Maraknya Pelecehan Seksual
Isu pelecehan seksual menjadi trending publik pasca dugaan kasus pelecehan seksual yang dilakukan oleh salah satu oknum dosen UNRI (Universitas Riau) kepada mahasiswi yang sedang melakukan bimbingan skripsi. Pasalnya, kasus ini dilakukan oleh seorang dosen yang seharusnya terdidik apalagi untuk norma kesusilaan. Tidak sedikit pihak yang mengecam kasus ini mulai dari organisasi mahasiswa internal kampus (BEM UNRI) hingga mendapat perhatian dari Menteri Pendidikan, Nadiem Makarim.

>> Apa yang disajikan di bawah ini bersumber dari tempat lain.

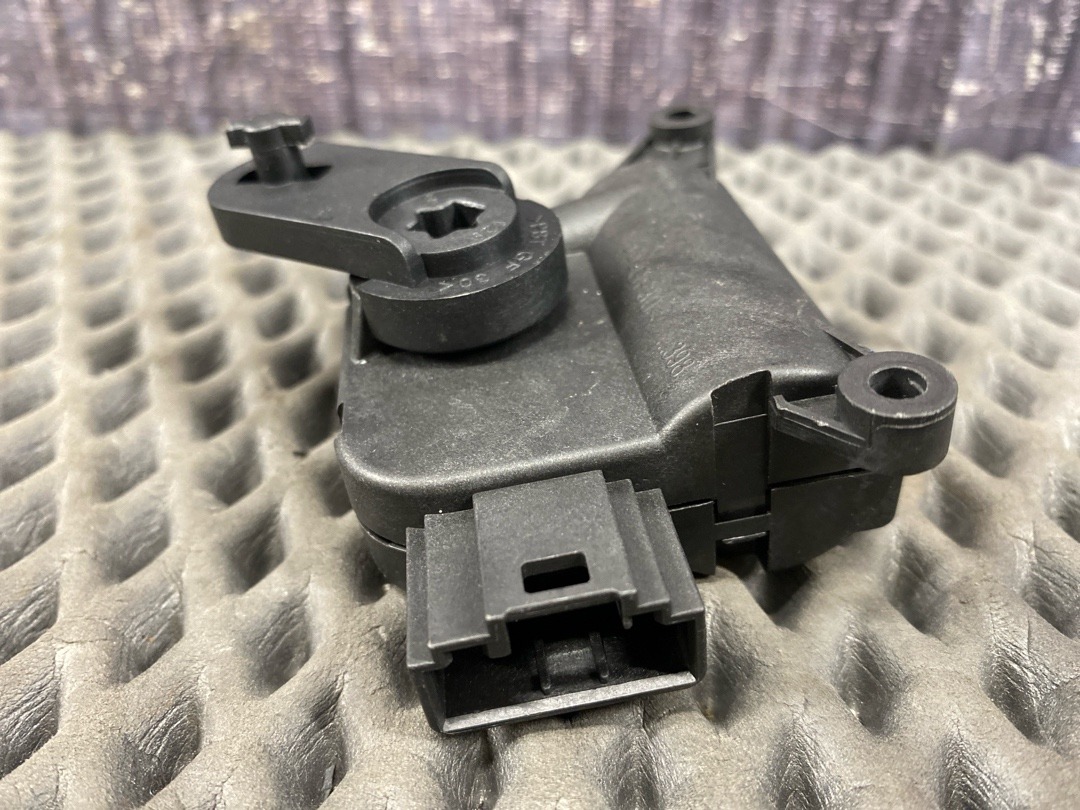 Мотор заслонки печки, 1470 рублей, Красноярск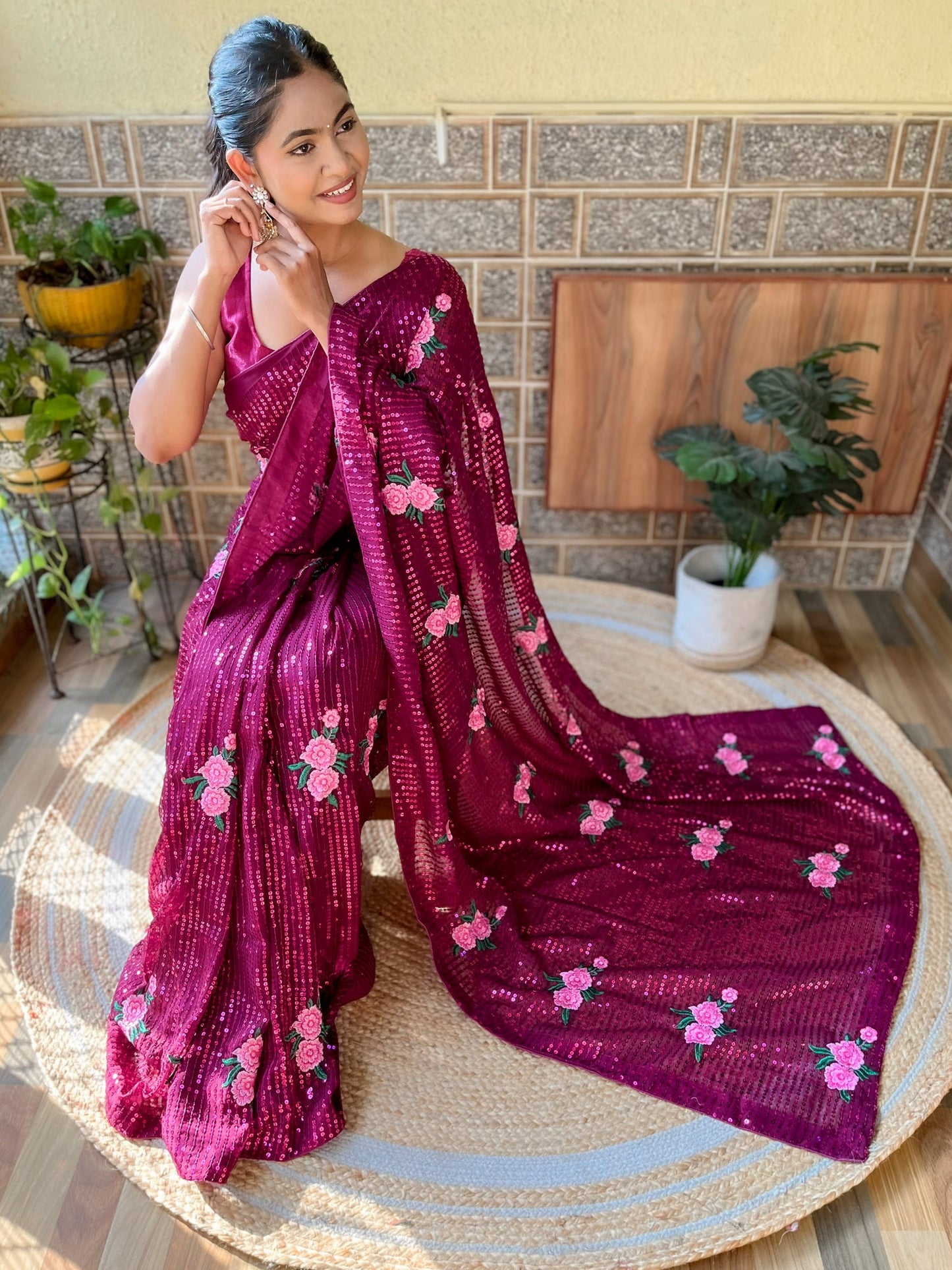Women's Georgette Pink Embellished Designer Saree With Blouse Piece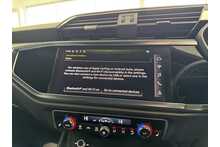 25/25 Audi Q3 Black Edition Quattro 2.0 TDI S Tronic  193PS SUV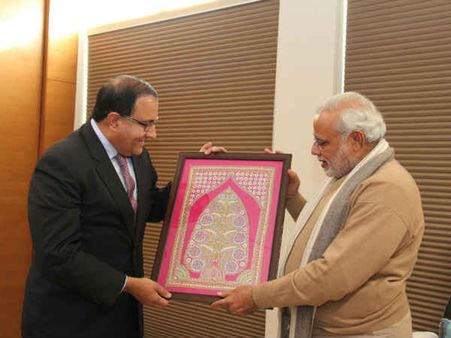 નરેન્દ્ર મોદી સિંગાપોરના ડેલીગેશનને મળ્યા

Maraknya kasus pelecehan seksual di bidang pendidikan menjadi perhatian khusus pemerintah melalui Peraturan Menteri Pendidikan, Kebudayaan, Riset dan Teknologi atau Permendikbud Ristek saat ini. Menurut laporan Komnas HAM, pada periode 2015 hingga Agustus 2020 ada 51 kasus kekerasan dan pelecehan seksual di lembaga pendidikan. Tercatat sebanyak 27% kasus pelecehan terjadi di lingkungan perguruan tinggi (Kampus) dan sisanya terjadi pada lingkungan pendidikan sekolah. Namun, data tersebut diperkirakan berbeda dengan kenyataan di lapangan. Diperkirakan ada banyak kasus pelecehan yang tidak terlapor karena tentunya tidak semua korban bersedia untuk melaporkan peristiwa ini ke pihak yang berwajib. Dapat disimpulkan berdasarkan pada data tersebut bahwa kasus pelecehan seksual terutama di lingkungan pendidikan masih menjadi masalah yang belum terselesaikan sehingga seharusnya mendapat perhatian lebih dari pemerintah.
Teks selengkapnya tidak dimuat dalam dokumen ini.